I love neat old stuff like that. It's weird that it says direct current. Any idea if it was still working or what it was connected to?


----------



## Dash Dingo (Mar 3, 2012)

Big John said:


> I love neat old stuff like that. It's weird that it says direct current. Any idea if it was still working or what it was connected to?

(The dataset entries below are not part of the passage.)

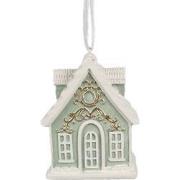 Clayre & Eef Kersthanger Gingerbread house 6x4x8 cm Groen Kunststof Ke...
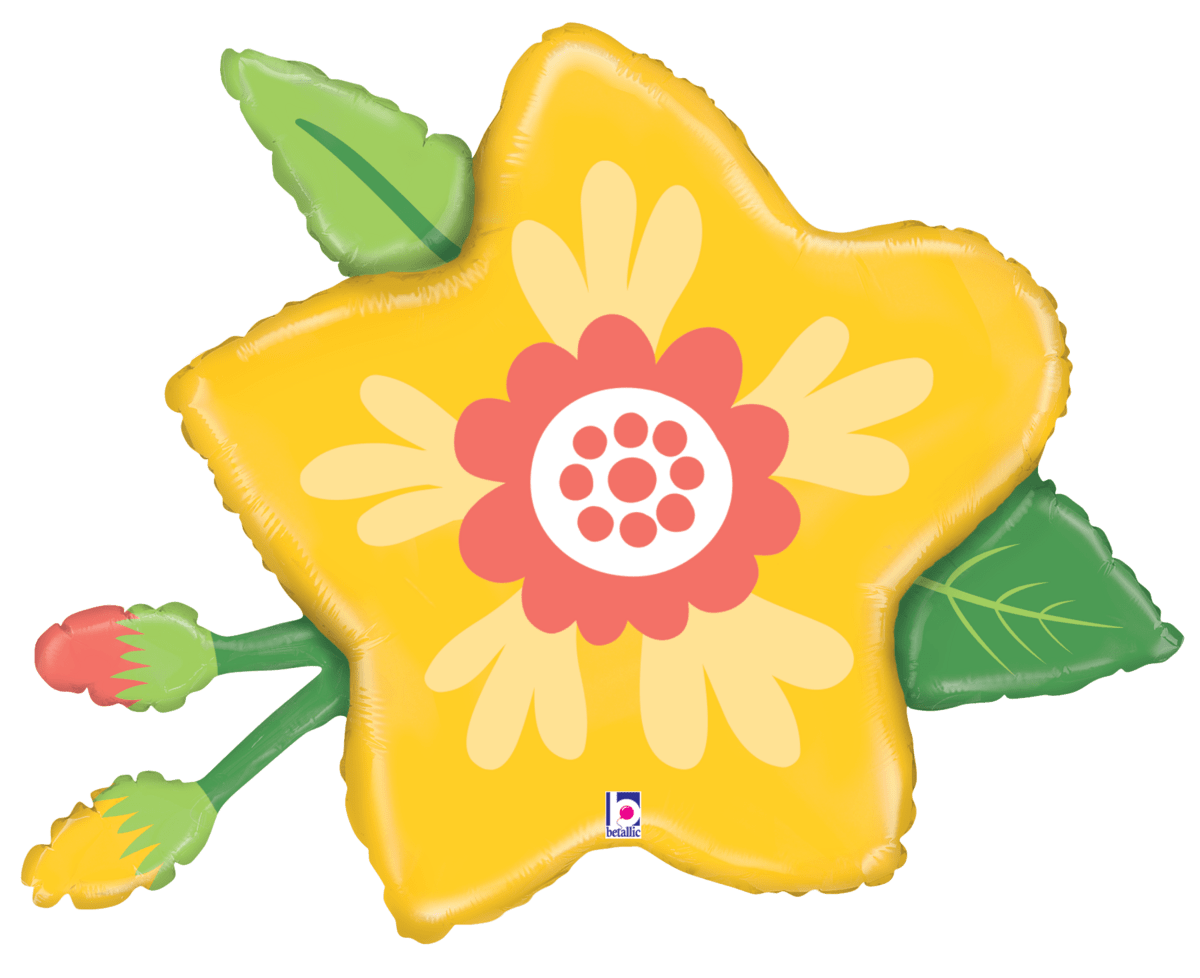 26" Yellow Flower Balloon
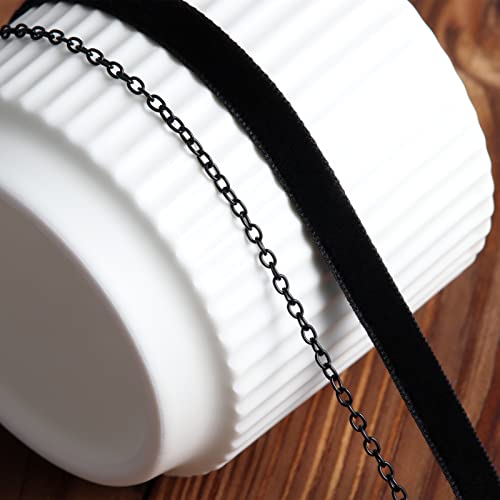 Gothic Choker, Choker Necklace for Women, Black Velvet Choker, Layered Necklace, Goth Jewelry for Women4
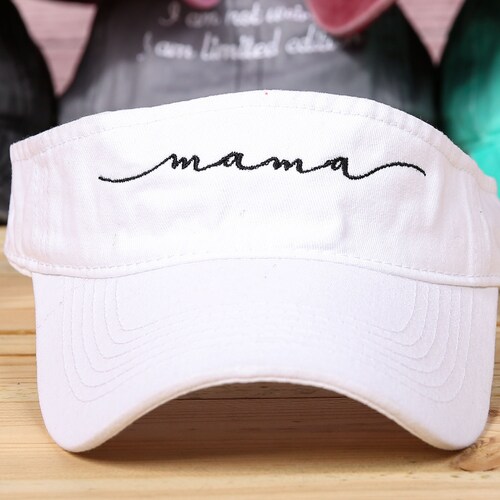 Mama Monogrammed Hat Golf Visor 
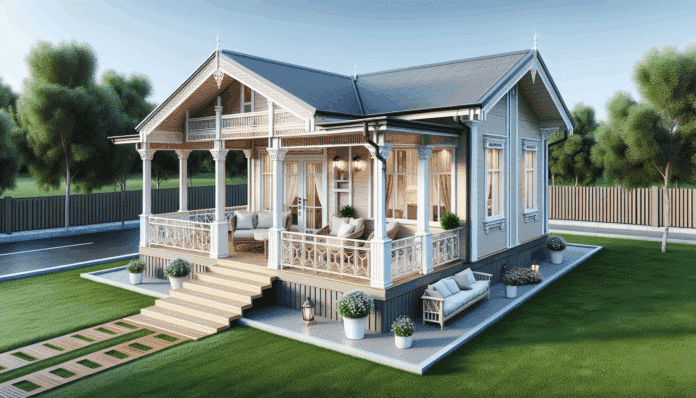 Esta casa prefabricada de lujo y con porche está disponible en Amazon por poco más de 10.000 euros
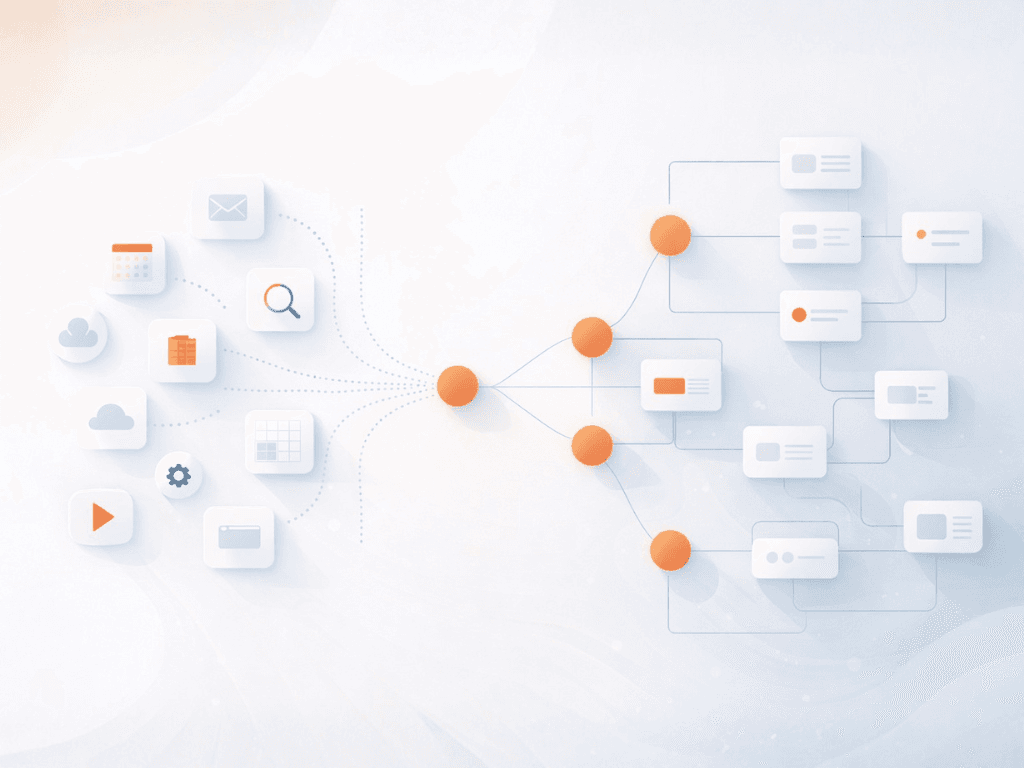 Workflow of connected operational systems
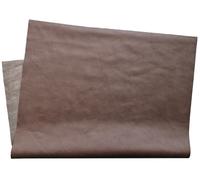 HAPPER STUDIO Cuir de vachette épais de 1,3 à 1,5 mm pour le bricolage, l'artisanat et la réparation. Cuir de vachette épais (Marron coco, A4, 21 x 29,7 cm)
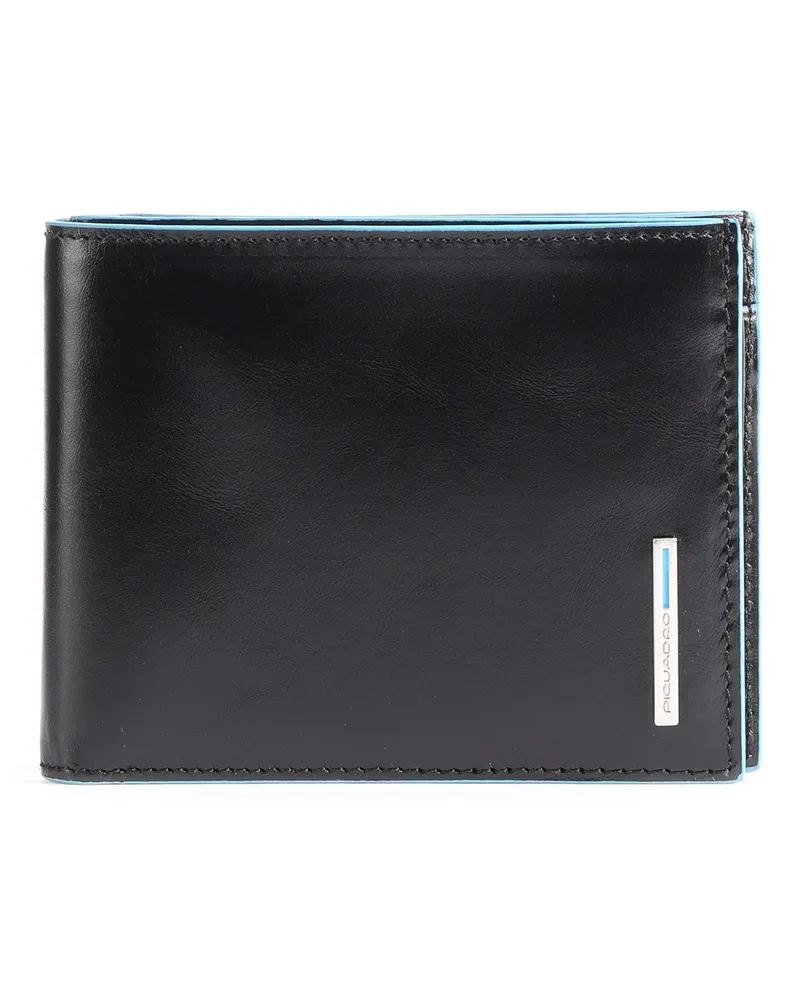Piquadro Geldbörse Blue Square RFID in schwarz Schwarz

No clue, I dint have time to open anything up. My guess would be its not in use. If its not, it's pretty cool that it was left there all these years. It's probably from the very early 1900's, if not late 1800's.


----------



## micbev (May 15, 2013)

Awesome! Love stuff like that. I am quiet sure it isn't working. Should have tried to buy it off of them. Awsome piece cant be to many of those in circulation.


----------



## ugly1 (Dec 14, 2009)

Meters like this one were in use in New York City 'till 2001 when Con Edison discontinued the distribution of direct current.


----------



## circuitman1 (Mar 14, 2013)

i collect meters like this, but have seen few DC units. most are AC.i belive i would go back & buy this one!


----------



## ampman (Apr 2, 2009)

I would love to add that to my collection


----------



## GoldStarElectrical (Oct 1, 2013)

Very cool vintage watt meter. Thanks for sharing!


----------



## oldtimer (Jun 10, 2010)

GoldStarElectrical said:


> Very cool vintage water meter. Thanks for sharing!


WATER METER ?????



I hope you mean Watt meter !


----------



## GoldStarElectrical (Oct 1, 2013)

oldtimer said:


> WATER METER ?????
> 
> 
> 
> I hope you mean Watt meter !


Ha, of course. Just a typo.


----------



## retiredsparktech (Mar 8, 2011)

ugly1 said:


> Meters like this one were in use in New York City 'till 2001 when Con Edison discontinued the distribution of direct current.


 IIRC, it was the late 60's, when WEPCO discontinued DC distribution in downtown Milwaukee.
I understand, they furnished rectifiers for the existing DC loads, such as elevators. 
Everything else, the customer had to change.


----------